Improving Prostate Cancer Screening with Health System-Wide Microsimulation is offered by NIH and is generally open to university, nonprofit, healthcare org. It is open to organizations nationwide unless the funder specifies otherwise. Review the specific eligibility terms before applying, since funders set their own requirements around organization type, location, and the population or project being served.
How much funding does the Improving Prostate Cancer Screening with Health System-Wide Microsimulation provide?

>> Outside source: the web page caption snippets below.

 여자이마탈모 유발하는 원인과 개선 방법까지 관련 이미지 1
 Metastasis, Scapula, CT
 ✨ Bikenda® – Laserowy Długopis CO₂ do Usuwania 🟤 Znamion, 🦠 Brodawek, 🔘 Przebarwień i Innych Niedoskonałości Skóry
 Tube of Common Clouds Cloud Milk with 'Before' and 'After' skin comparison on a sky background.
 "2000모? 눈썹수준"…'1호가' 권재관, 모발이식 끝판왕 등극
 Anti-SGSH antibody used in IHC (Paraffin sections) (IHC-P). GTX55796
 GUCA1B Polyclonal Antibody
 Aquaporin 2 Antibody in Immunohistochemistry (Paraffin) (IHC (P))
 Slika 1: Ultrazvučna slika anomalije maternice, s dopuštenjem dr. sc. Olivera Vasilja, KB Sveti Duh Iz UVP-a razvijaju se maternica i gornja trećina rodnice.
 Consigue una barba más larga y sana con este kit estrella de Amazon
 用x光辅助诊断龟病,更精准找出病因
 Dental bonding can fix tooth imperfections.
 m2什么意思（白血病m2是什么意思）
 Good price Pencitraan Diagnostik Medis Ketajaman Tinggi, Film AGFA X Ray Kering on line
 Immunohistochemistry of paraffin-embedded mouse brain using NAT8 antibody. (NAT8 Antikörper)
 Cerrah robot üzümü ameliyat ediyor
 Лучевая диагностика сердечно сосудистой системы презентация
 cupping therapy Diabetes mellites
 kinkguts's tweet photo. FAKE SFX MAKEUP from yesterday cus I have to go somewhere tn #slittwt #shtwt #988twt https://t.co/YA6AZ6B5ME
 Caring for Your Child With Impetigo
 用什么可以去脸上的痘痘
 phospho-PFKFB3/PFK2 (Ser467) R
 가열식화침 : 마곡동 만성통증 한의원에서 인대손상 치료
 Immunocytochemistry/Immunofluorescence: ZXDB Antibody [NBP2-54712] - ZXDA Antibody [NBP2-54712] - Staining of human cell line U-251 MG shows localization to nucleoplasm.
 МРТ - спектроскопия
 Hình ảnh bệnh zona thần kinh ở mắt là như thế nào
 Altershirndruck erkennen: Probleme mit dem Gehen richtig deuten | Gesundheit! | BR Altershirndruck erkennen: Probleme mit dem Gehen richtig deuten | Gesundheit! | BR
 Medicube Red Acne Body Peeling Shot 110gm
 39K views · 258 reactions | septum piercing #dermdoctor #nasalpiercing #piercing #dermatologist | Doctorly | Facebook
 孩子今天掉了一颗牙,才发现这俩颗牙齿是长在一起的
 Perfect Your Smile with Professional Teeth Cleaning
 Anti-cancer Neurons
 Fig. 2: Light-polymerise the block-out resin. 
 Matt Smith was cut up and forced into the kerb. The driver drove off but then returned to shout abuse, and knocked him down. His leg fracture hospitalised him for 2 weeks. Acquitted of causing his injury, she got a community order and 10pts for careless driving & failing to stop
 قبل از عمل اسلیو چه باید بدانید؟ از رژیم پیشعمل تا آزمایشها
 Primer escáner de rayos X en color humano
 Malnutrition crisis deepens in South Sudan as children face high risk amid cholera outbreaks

Improving Prostate Cancer Screening with Health System-Wide Microsimulation provides an amount that varies by award per award from NIH. Actual award sizes depend on the scope of your project, available program funds, and the number of applicants, so build a budget that reflects realistic, allowable costs rather than the maximum figure.
When is the Improving Prostate Cancer Screening with Health System-Wide Microsimulation deadline?
Applications for Improving Prostate Cancer Screening with Health System-Wide Microsimulation are due 2030-12-31 (open). Because deadlines can change, verify the date with the funder, NIH, and give yourself enough time to prepare a complete, competitive application before the close date.
How do you apply for the Improving Prostate Cancer Screening with Health System-Wide Microsimulation?
To apply for Improving Prostate Cancer Screening with Health System-Wide Microsimulation, confirm your eligibility, gather the required documents, and prepare a narrative and budget that address the funder's priorities. FindGrants guides you step by step and can draft each section, then exports a submission-ready application pack for this grant from NIH.